### What you will do
If a line in the entries below includes "Grand", show that line.

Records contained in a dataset
┌────────

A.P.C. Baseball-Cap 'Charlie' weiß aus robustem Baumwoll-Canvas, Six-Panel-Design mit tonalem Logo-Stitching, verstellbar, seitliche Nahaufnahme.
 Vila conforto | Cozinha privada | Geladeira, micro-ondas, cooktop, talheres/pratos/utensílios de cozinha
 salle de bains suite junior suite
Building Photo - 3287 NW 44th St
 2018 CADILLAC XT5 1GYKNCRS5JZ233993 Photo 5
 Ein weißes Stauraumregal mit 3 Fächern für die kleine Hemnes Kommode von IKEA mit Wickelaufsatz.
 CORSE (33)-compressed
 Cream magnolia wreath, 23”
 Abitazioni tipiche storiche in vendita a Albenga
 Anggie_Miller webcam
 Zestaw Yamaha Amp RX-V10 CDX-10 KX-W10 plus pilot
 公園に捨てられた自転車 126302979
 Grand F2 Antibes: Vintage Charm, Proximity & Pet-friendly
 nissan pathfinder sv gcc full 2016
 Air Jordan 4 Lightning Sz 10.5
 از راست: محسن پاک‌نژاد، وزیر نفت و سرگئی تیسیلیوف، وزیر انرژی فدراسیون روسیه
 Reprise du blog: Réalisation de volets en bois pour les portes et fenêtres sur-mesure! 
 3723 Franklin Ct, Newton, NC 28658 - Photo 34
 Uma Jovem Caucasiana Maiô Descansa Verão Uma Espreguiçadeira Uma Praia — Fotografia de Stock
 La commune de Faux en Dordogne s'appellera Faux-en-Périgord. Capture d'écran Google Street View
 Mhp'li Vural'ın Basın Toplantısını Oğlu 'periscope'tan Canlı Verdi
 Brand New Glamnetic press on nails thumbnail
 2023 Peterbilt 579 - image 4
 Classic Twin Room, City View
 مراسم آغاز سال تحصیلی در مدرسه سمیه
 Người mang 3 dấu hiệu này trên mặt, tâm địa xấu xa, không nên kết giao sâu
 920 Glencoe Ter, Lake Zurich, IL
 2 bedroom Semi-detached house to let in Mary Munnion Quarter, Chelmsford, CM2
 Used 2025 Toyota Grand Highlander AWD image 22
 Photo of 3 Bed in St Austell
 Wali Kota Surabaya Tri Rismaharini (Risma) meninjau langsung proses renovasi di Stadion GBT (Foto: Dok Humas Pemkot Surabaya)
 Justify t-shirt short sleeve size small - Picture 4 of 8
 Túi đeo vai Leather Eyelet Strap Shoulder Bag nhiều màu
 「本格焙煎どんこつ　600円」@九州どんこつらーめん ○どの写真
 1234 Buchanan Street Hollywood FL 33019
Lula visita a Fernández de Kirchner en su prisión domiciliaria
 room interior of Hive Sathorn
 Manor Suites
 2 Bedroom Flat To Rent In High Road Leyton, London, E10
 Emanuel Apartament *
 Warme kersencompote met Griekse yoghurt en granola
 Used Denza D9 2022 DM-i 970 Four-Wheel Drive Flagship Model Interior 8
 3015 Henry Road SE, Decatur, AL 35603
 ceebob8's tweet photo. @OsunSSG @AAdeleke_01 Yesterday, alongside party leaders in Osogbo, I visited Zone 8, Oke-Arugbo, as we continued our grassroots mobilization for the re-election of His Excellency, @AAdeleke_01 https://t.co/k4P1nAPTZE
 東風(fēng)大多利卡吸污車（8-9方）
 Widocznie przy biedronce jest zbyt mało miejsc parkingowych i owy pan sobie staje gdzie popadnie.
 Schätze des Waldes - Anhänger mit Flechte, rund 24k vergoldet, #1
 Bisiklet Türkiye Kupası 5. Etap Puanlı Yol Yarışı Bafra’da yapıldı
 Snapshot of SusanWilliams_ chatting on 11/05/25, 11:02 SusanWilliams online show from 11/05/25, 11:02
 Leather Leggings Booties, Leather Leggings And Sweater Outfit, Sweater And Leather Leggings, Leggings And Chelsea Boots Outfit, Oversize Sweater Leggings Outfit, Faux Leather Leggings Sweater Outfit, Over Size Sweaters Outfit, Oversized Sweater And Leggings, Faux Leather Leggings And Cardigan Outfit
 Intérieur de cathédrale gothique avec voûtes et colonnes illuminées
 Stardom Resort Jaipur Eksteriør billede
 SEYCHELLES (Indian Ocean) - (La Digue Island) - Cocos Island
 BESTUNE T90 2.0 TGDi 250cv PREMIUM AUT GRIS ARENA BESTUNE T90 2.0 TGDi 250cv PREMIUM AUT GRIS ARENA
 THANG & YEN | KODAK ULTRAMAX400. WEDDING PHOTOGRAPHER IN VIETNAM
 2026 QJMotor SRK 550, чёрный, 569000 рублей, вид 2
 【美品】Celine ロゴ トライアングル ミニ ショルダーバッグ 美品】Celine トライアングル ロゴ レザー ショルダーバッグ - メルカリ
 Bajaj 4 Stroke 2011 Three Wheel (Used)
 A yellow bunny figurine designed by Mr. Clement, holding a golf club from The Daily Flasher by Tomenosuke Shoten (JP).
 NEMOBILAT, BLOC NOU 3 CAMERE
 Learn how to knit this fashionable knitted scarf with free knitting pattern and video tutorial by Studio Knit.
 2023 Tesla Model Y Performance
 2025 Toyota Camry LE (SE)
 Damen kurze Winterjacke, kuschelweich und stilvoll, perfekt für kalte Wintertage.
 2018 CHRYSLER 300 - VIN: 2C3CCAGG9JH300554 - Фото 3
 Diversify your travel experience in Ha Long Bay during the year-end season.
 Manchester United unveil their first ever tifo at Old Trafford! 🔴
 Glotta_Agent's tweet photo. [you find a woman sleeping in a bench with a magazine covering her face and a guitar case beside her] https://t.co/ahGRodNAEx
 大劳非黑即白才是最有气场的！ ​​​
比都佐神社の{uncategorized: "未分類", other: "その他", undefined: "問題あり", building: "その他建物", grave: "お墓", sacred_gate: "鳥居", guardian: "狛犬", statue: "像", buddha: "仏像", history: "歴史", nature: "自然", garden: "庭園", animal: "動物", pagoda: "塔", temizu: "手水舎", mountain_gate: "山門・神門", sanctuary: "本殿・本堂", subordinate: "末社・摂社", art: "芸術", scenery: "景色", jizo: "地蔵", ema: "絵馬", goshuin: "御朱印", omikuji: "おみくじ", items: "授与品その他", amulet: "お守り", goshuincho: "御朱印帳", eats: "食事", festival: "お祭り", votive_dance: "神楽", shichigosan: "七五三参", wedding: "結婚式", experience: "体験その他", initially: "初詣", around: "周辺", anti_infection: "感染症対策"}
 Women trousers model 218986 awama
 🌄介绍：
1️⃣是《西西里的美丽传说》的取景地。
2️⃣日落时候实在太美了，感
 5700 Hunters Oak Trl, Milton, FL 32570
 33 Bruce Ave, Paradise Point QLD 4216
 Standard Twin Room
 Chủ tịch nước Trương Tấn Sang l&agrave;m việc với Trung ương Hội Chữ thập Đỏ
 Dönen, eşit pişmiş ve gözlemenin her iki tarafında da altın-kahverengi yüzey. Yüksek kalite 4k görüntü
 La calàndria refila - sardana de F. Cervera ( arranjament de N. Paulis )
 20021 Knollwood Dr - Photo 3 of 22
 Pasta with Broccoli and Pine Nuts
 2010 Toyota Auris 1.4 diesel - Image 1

└────────

### Problem solution
 Grand F2 Antibes: Vintage Charm, Proximity & Pet-friendly
 Used 2025 Toyota Grand Highlander AWD image 22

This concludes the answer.